Re: Estimating backup usage with dir-merge filter

2011-10-06 Thread Paul Dugas
I appreciate the suggestions so far but I know how to measure usage with
'du' et al. The hitch here is that I want to exclude files the
--filter='dir-merge .rsync-filter' excludes. Hense the thought to use rsync
itself.
On Oct 6, 2011 11:02 AM, K S Braunsdorf k...@sac.fedex.com wrote:
that processes any filter files into --exclude parameters for du but
recently, I've been wondering if there's an easier way that would use

 If your backups are all on a single partition you might try quot(8)
 (quot -- display disk space occupied by each user). I wrote a
 very simple perl script to munge quot ouptut to create a diskhogs
 report about 20 years ago, and I still use it today. I suggest you
 take the output of
 quot -kvf $BACKUP_DEVICE

 and filter it to fit your needs. If you can't find a quot for your
 OS I might have a C program that works as a replacement.

 --ksb at_host sac.fedex.com
-- 
Please use reply-all for most replies to avoid omitting the mailing list.
To unsubscribe or change options: https://lists.samba.org/mailman/listinfo/rsync
Before posting, read: http://www.catb.org/~esr/faqs/smart-questions.html

Re: Estimating backup usage with dir-merge filter

2011-10-06 Thread Benjamin R. Haskell

On Thu, 6 Oct 2011, Paul Dugas wrote:

I appreciate the suggestions so far but I know how to measure usage 
with 'du' et al. The hitch here is that I want to exclude files the 
--filter='dir-merge .rsync-filter' excludes.
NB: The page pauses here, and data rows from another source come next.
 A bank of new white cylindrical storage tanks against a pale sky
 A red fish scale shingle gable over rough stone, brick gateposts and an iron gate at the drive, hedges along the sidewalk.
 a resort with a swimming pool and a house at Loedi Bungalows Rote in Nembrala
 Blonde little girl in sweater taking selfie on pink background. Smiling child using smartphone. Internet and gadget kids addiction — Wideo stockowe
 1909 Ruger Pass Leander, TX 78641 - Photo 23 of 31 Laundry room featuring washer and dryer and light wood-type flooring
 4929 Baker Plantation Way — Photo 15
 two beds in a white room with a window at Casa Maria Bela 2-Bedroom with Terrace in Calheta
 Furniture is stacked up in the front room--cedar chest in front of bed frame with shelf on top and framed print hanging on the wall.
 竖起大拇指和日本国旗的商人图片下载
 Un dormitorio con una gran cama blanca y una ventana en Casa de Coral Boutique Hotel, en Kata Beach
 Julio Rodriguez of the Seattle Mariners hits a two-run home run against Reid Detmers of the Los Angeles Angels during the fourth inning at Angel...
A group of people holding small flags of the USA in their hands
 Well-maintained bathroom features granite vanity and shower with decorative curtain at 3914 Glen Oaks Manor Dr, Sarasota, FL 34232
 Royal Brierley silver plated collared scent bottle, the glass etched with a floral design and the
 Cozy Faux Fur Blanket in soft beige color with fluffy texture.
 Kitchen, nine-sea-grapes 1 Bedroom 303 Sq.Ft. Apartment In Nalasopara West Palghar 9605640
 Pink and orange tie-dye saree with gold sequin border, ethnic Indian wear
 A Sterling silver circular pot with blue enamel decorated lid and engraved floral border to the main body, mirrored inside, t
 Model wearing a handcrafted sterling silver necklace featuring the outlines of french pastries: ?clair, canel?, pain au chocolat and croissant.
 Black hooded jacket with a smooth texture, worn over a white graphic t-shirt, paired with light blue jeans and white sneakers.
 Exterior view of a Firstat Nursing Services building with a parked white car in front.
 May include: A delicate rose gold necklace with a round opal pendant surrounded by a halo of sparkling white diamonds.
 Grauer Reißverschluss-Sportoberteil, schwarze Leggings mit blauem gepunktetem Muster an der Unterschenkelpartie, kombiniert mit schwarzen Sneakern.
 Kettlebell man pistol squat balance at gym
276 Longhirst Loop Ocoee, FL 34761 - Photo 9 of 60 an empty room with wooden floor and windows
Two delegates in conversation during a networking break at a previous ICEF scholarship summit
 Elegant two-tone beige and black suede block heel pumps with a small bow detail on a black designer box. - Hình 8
Hense the thought to use 
rsync itself.


It sounds like you missed the point of Kevin's message (in the other 
fork of this thread).  The point wasn't to use `du`, it was that you can 
run your stats against the backed-up files, not the source.  Then you're 
only running stats against the results of running the backup using the 
filters, so you don't need to filter them again.


If that doesn't make sense or isn't possible (backups are on some remote 
server), then just use your rsync command with '--list-only', and 
post-process that list.


E.g., if your command is:

rsync -a --filter='dir-merge .rsync-filter' /source /dest

It becomes, with a post-processing command that just counts bytes from 
files (not dirs/sockets/etc.): (all one command line -- munged for emailing)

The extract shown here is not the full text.